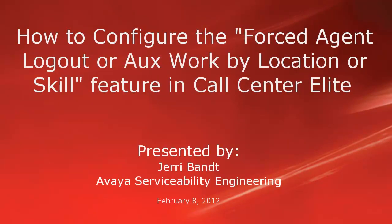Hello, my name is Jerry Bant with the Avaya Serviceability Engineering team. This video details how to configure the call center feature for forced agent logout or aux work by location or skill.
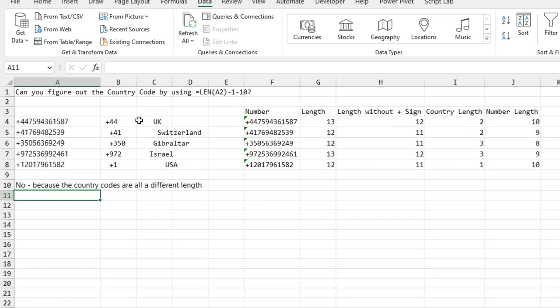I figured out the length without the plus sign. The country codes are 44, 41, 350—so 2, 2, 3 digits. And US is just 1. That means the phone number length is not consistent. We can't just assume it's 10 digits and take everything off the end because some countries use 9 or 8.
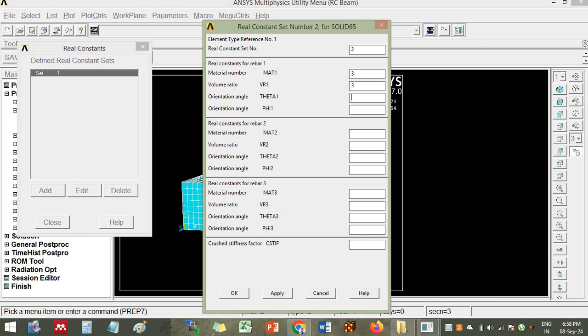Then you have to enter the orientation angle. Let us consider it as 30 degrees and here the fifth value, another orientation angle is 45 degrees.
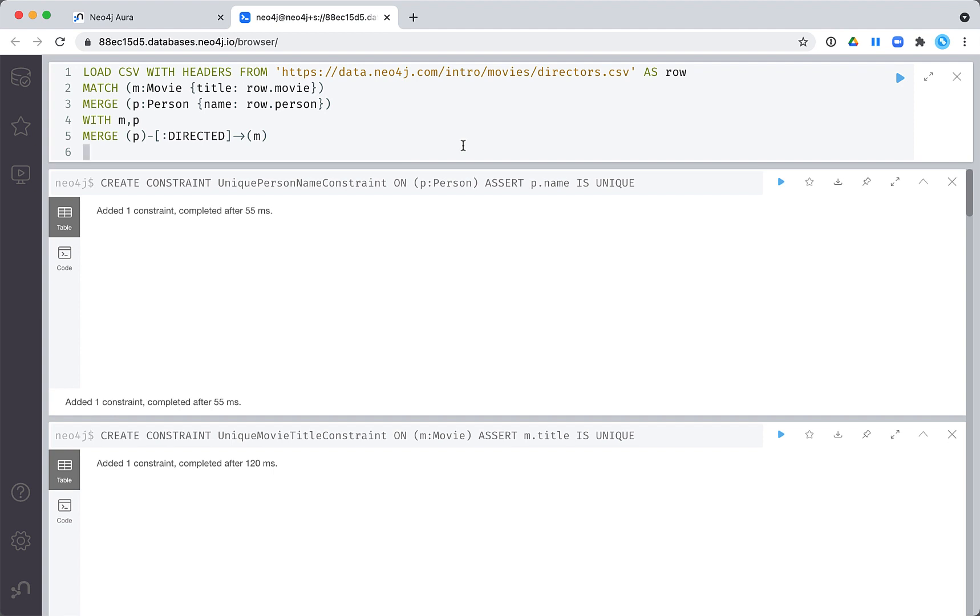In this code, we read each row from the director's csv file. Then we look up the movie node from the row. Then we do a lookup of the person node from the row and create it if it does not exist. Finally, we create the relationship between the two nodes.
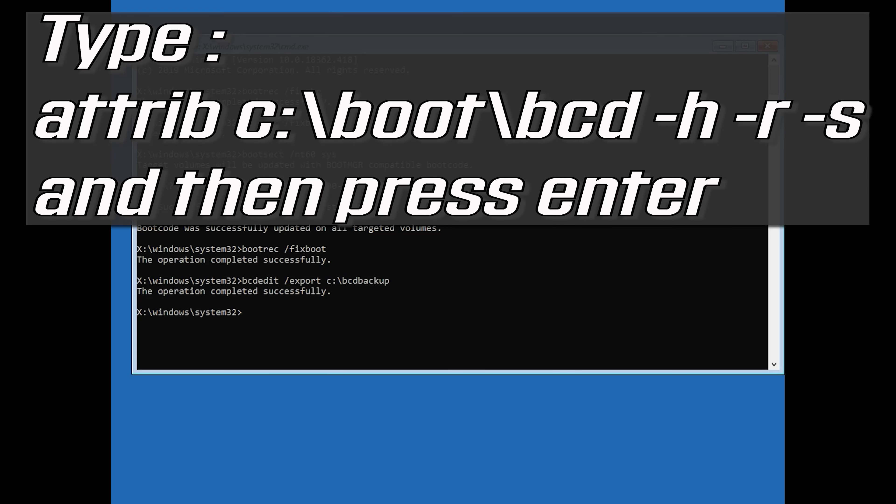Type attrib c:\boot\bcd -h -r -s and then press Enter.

=== The problem ===
Leaving the pictures out, print every line of the listing exactly.

=== Written reply ===
Hello, my name is Jerry Bant with the Avaya Serviceability Engineering team. This video details how to configure the call center feature for forced agent logout or aux work by location or skill.
I figured out the length without the plus sign. The country codes are 44, 41, 350—so 2, 2, 3 digits. And US is just 1. That means the phone number length is not consistent. We can't just assume it's 10 digits and take everything off the end because some countries use 9 or 8.
Then you have to enter the orientation angle. Let us consider it as 30 degrees and here the fifth value, another orientation angle is 45 degrees.
In this code, we read each row from the director's csv file. Then we look up the movie node from the row. Then we do a lookup of the person node from the row and create it if it does not exist. Finally, we create the relationship between the two nodes.
Type attrib c:\boot\bcd -h -r -s and then press Enter.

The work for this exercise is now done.